3. Recipes

3.1. Capturing to a stream

Capturing to a file-like object (a socket, a io.BytesIO stream, an existing open file object, etc.) is as simple as specifying that object as the output of whatever capture() method you’re using:

import io
import time
import picamera

# Create an in-memory stream
my_stream = io.BytesIO()
with picamera.PiCamera() as camera:
    camera.start_preview()
    # Camera warm-up time
    time.sleep(2)
    camera.capture(my_stream, 'jpeg')

Note that the format is explicitly specified in the case above. The BytesIO object has no filename, so the camera can’t automatically figure out what format to use.

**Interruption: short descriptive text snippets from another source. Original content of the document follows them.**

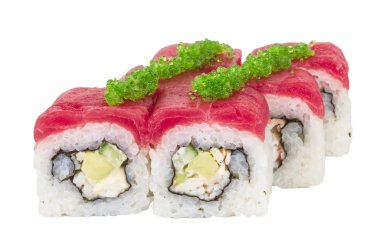 Maki Sushi - Roll made of Crab, avocado, cucumber inside. Fresh clipart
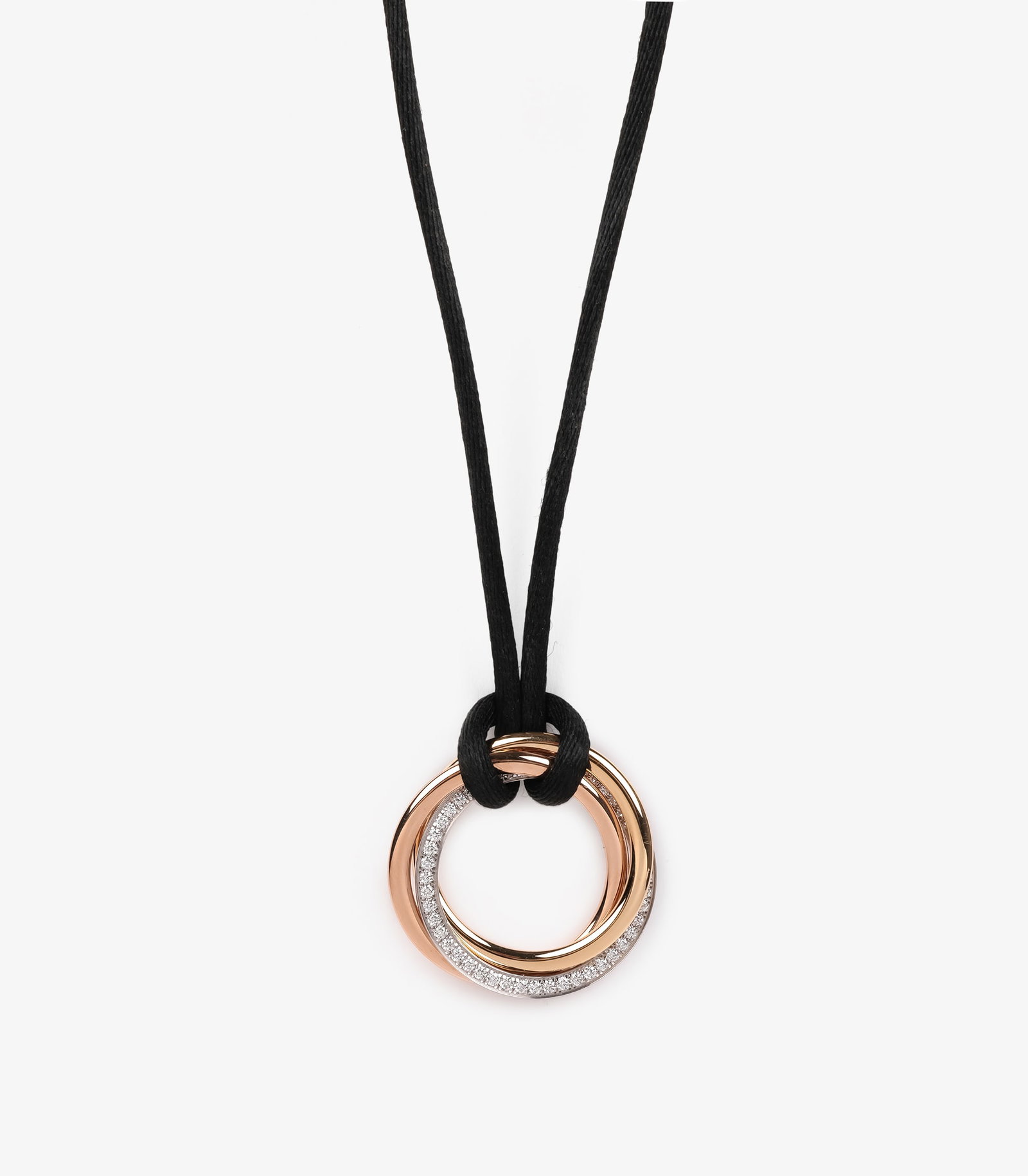 Cartier Diamond Silk Cord 18ct Gold Medium Trinity Necklace - 5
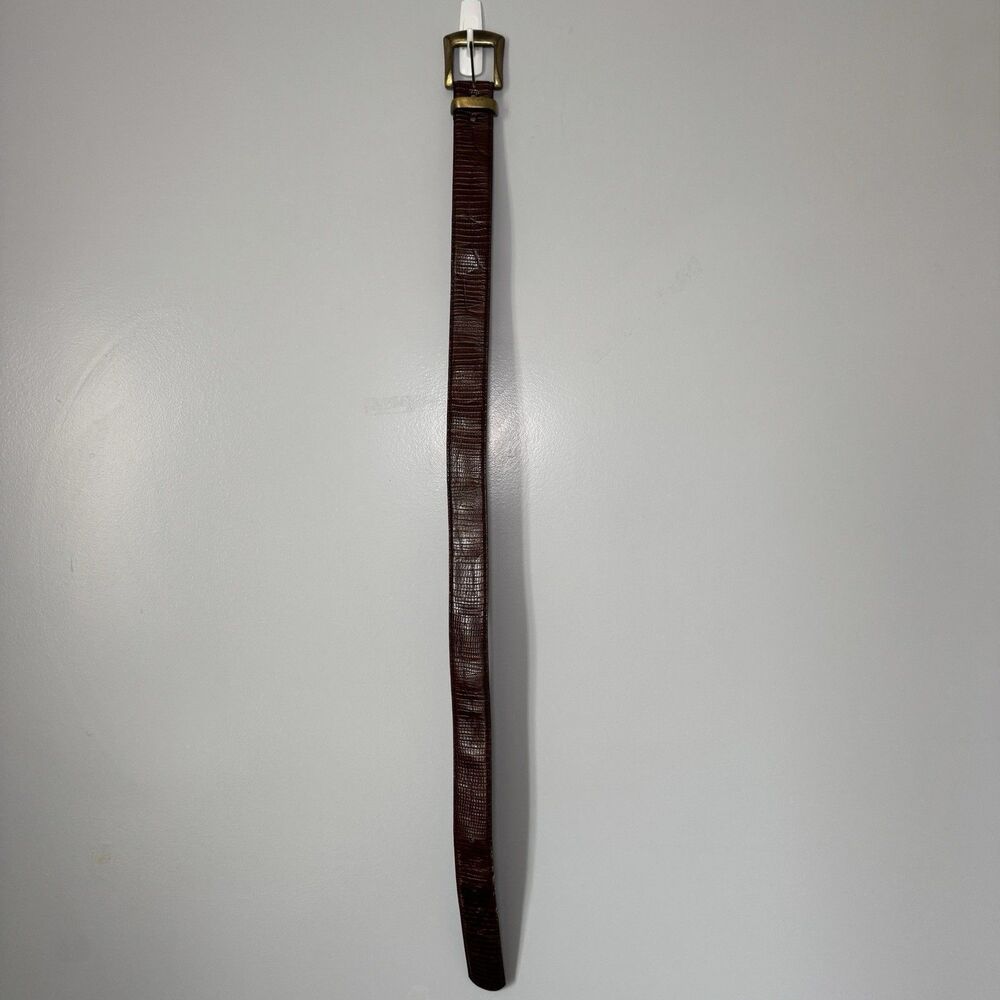 Vintage Snakeskin Embossed Genuine Leather Belt Gold Hardware Brown Sz 12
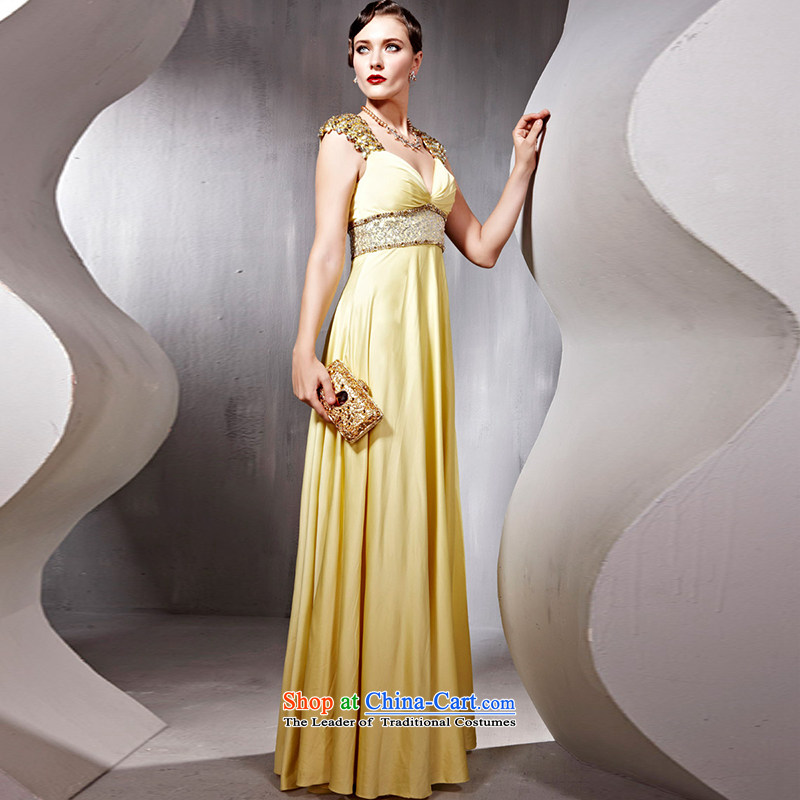 Creative Fox evening dress shoulders banquet dinner dress gold Sau San evening dresses Palace followed under the auspices of the annual concert dresses long dresses 56696 S creative fox yellow ( , , , ) coniefox shopping on the Internet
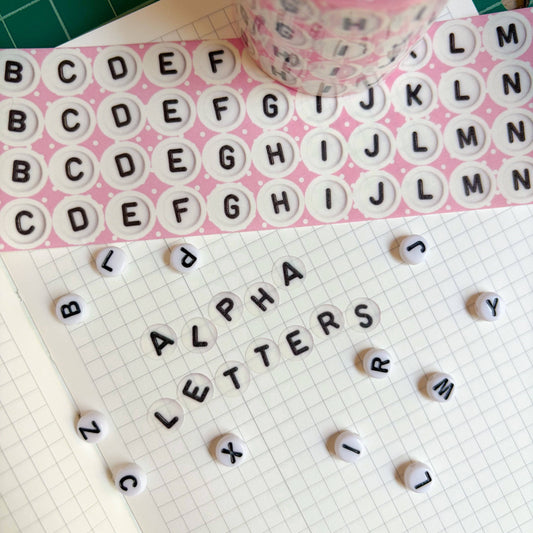 Veronica Porlier Illustrations - Alphabet Letter Bead Sticker Washi Tape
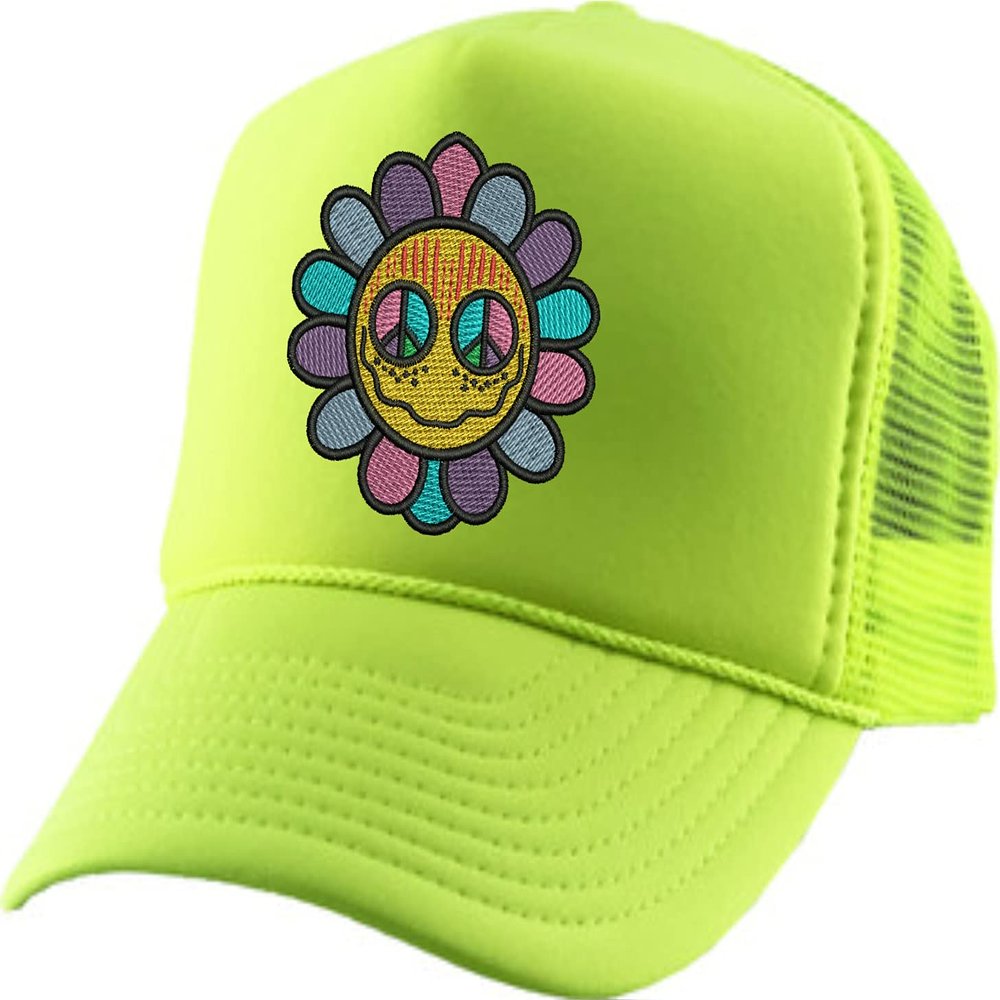 ALLNTRENDS Sunflower Trucker Hat Embroidered Baseball Cap Adjustable Snapback Flower Design (Neon Yellow)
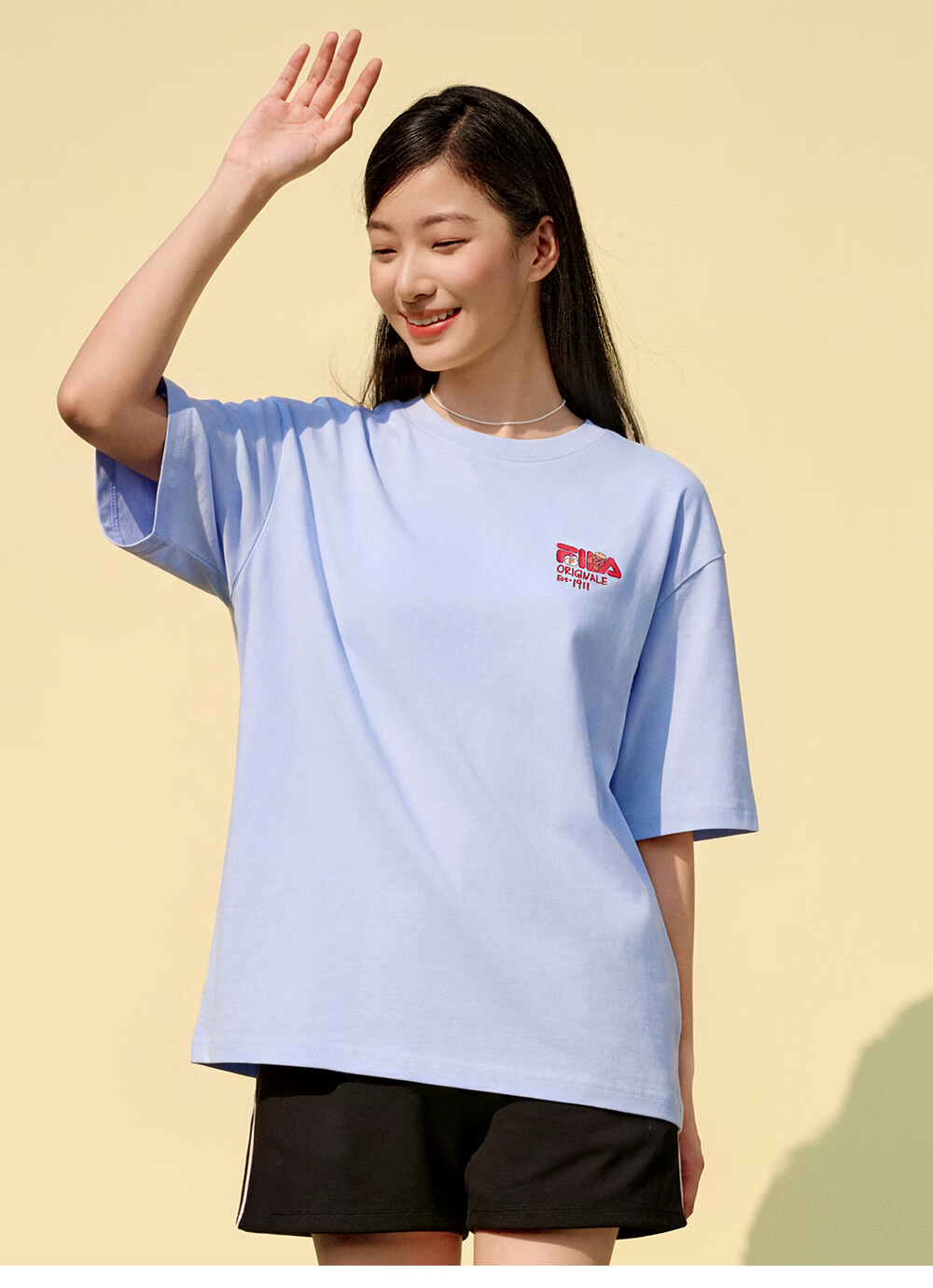 FILA Official Couple's Knitted Short Sleeve Shirt 2026 Summer Fashion Casual Unisex Loose Cat Embroidery T-Shirt 45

One thing to bear in mind is that (unlike specifying a filename), the stream is not automatically closed after capture; picamera assumes that since it didn’t open the stream it can’t presume to close it either. In the case of file objects this can mean that the data doesn’t actually get written to the disk until the object is explicitly closed:

import time
import picamera

# Create a new file called my_image.jpg
my_file = open('my_image.jpg', 'wb')
with picamera.PiCamera() as camera:
    camera.start_preview()
    time.sleep(2)
    camera.capture(my_file)
# Note that at this point the data is in the file cache, but may
# not actually have been written to disk yet
my_file.close()
# Now the file has been closed, other processes should be able to
# read the image successfully

Note that in the case above, we didn’t have to specify the format as the camera interrogated the my_file object for its filename (specifically, it looks for a name attribute on the provided object).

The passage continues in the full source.